The last time I saw a concert at the Santa Monica Pier was August 2001, when Ozomatli took the stage, and the wooden planks beneath our feet shuddered, as thousands of fans hopped up and down to “Como Ves.” Last week, an army of peaceniks poured onto the pier for Joan Baez and her band (and a solo opening set by singer Tift Merritt), and hundreds more adored her from the shore below, swaying in unison with the folk icon’s famously sonorous voice and the tossing tide.

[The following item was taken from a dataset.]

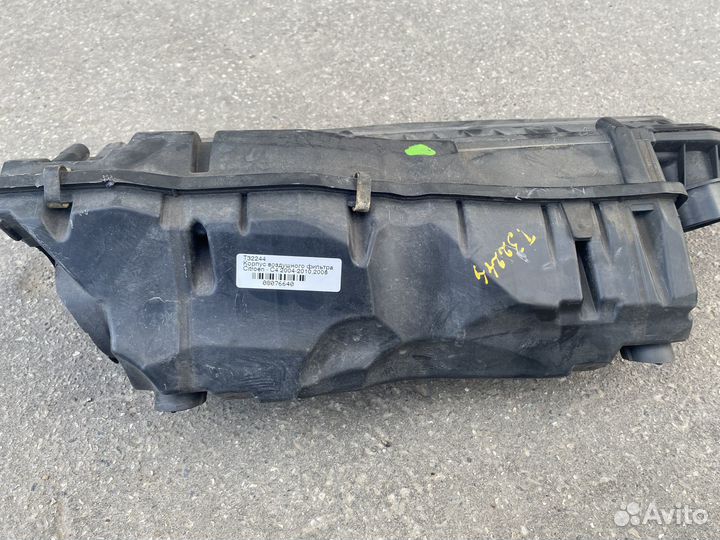 Корпус воздушного фильтра citroen c4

Like Seeger and Guthrie, Baez has a following of fervent fans who pay tribute to her as a timeless songwriter and activist whose music still reverberates vibrantly today. “I swore I wouldn’t sing this for nostalgia’s sake, but in this case it makes sense,” Baez said before she surrendered to the crowd’s unrelenting requests for “We Shall Overcome.” English and Farsi speakers traded verses while Baez’s unmistakable vibrato carried the crowd; throngs of Baby Boomers — some of whom attended Woodstock — bearded men in Birkenstocks and women with striking gray hair, Baby Boomer offspring with braids and Nalgene bottles, and Iranian-Americans, adorned in green, some carrying flags, holding “Neda’s Voice” posters in the air.

If anything, it was a hopeful cross section of Obama’s America, a reunion of survivors who have lived through war and its remissions and find themselves returning to the fundamental roots of a peace movement, to physical activism and the strength of a pacifist’s song. A few fans reached out to hold hands with their neighbor as they sang.

“The people of Iran have shown us the face of Iran. Those who sat down in silence in the face of all odds have given us a lesson,” Baez said. “They will rise up again, I’m absolutely certain.”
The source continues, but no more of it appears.